Exercise prompt — When you reach the line with "John Deere 8320R", transcribe it and each line after it through the last one below, exactly. Pictures stay out.

(Beginning of Supplied material)

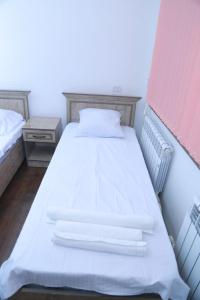 Cama o camas de una habitación en Mir hostel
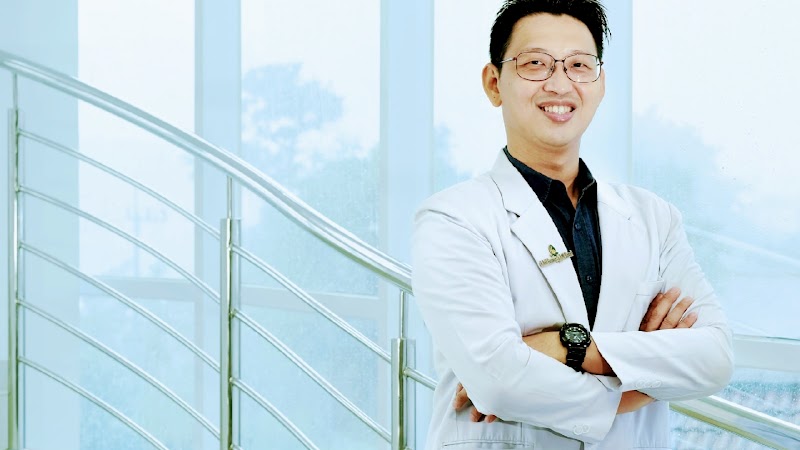 dr. Andi Gunawan, SpA (DOKTER SPESIALIS ANAK) in Gayungan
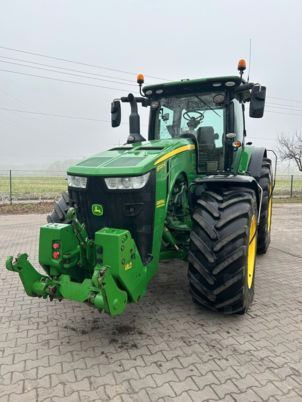 John Deere 8320R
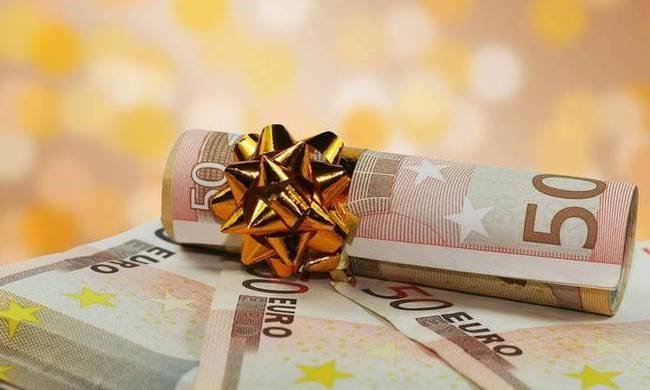 Μποναμάς €100 σε κάθε πολύτεκνη οικογένεια, «Δεν επαρκεί ούτε για μία επίσκεψη σε υπεραγορά»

(End of Supplied material)

Answer section —
 John Deere 8320R
 Μποναμάς €100 σε κάθε πολύτεκνη οικογένεια, «Δεν επαρκεί ούτε για μία επίσκεψη σε υπεραγορά»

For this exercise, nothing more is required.